The third quarter of the 17th century saw a serious deficit of circulating copper small change caused in part by the English civil wars of the 1640s and the cessation of the royal (rose) farthing coinage of Charles I. With everyday transactions desperately in need of usable currency, local and regional traders, craftsmen, civic corporations and hostelries stepped in to address the problem by issuing their own individual token farthings and halfpennies. Primarily functioning at a very local level, these tokens would be given out and exchanged by the issuers and those who trusted their business. Over 14,000 varieties are recorded as having been produced before they were banned by order of Charles II in 1672 whose government then issued an official copper coinage in the same recognisable form as persisted until decimalisation, some three hundred years later.
The distribution patterns and imagery of these tokens can tell us much about the activities of the issuers, many of whom were prominent characters with civic offices and roles who are named in historical documents of the period. Despite the huge recorded diversity, new issues come to light every so often, perhaps now more so than ever through the work of the Portable Antiquities Scheme which provides an easy channel for new discoveries to be documented and shared.
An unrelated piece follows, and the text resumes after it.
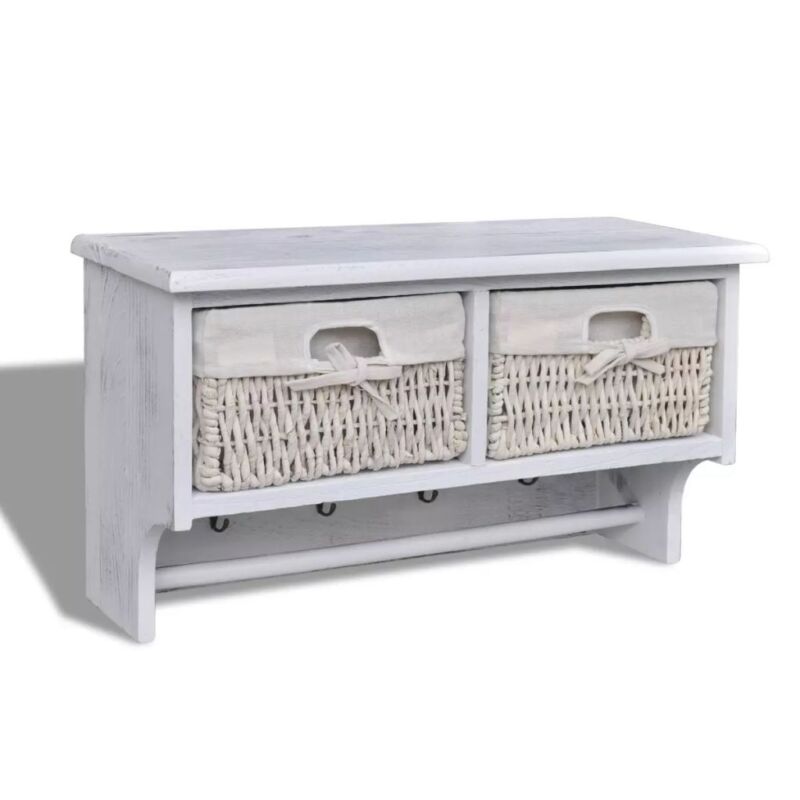 Wooden Wicker Basket Cabinet Storage Sideboard Chest Of Drawers Rack Shelf White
This particular token, recorded as SUR-7B4C77, is a previously undocumented variant and also a very well preserved example. It names a tavern or inn called the Ship Carpenter’s (or Shipwright’s) arms in Rotherhithe Wall, Southwark. On the obverse it has the arms of the name, on the reverse are the issuers’ initials I & T W, most likely for the tavern’s proprietor and his wife . Both the identity of the owner and the precise location of this establishment are apparently not now known.
Surrey benefits from having an extremely comprehensive and up-to-date study of these tokens (Tim Everson’s (2015) “Seventeenth Century Trading Tokens of Surrey and Southwark” ), but even so only one other example was previously known of a token issued by this particular establishment – itself also known from a unique specimen, but with a different design to this latest find. Consequently this variant becomes a new addition to the corpus of tokens for the historic county of Surrey and Southwark and is now the reference example for its type, Surrey 284B.